▶ [Activity]: Within the entries below, output exactly the lines between the line containing "Kijk wie 60" and the line containing "Used 2022 Volkswagen Arteon SE image 21", inclusive, and omit any picture.

▶ [Given data]:
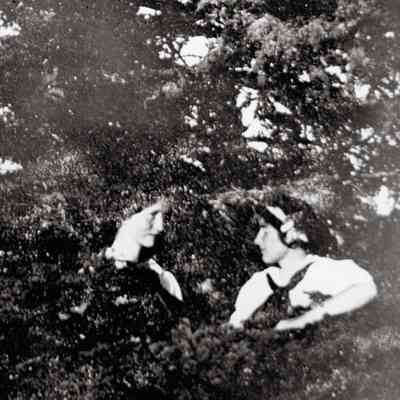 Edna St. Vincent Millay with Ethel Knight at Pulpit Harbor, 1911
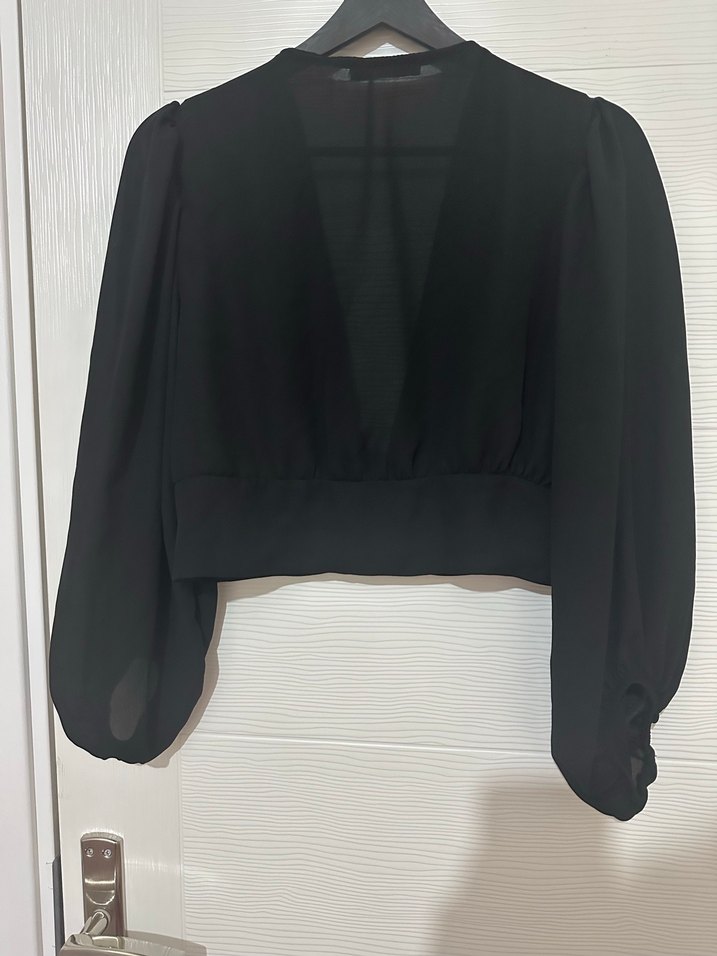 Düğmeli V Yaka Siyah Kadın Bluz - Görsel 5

* * *

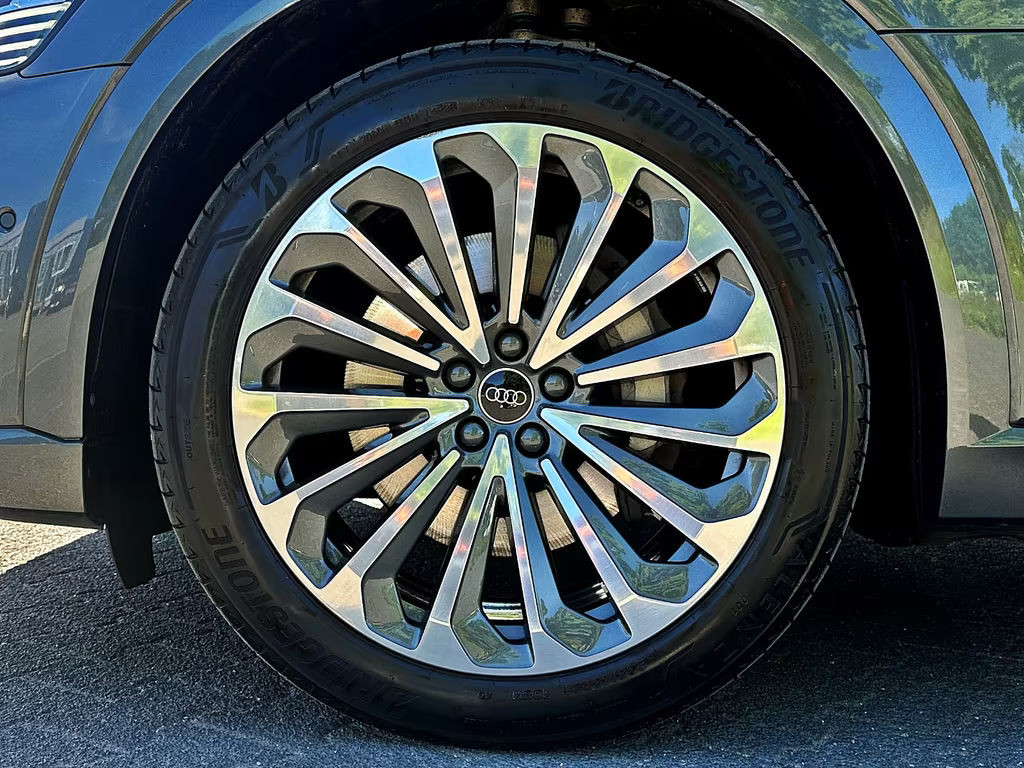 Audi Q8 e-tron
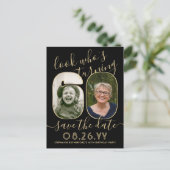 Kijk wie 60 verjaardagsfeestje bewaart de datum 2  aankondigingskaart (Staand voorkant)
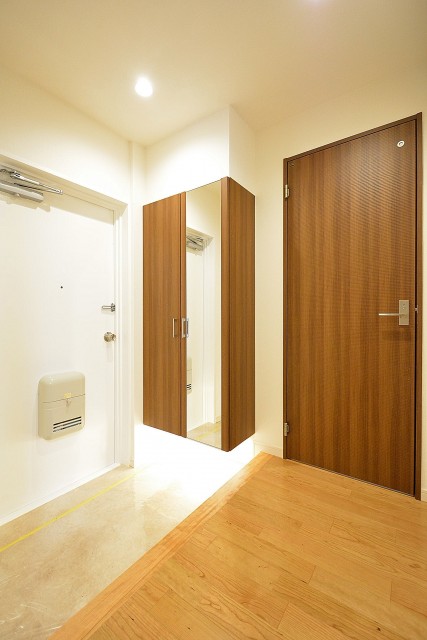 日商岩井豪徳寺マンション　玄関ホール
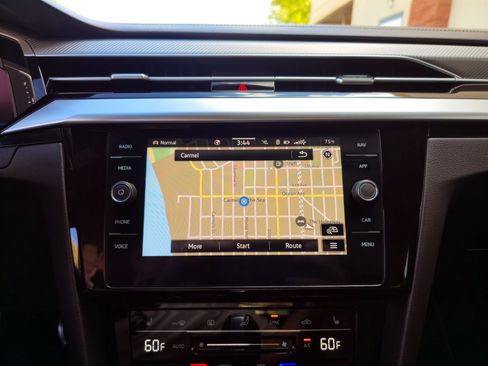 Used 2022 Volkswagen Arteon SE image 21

▶ [Response]:
 Kijk wie 60 verjaardagsfeestje bewaart de datum 2  aankondigingskaart (Staand voorkant)
 日商岩井豪徳寺マンション　玄関ホール
 Used 2022 Volkswagen Arteon SE image 21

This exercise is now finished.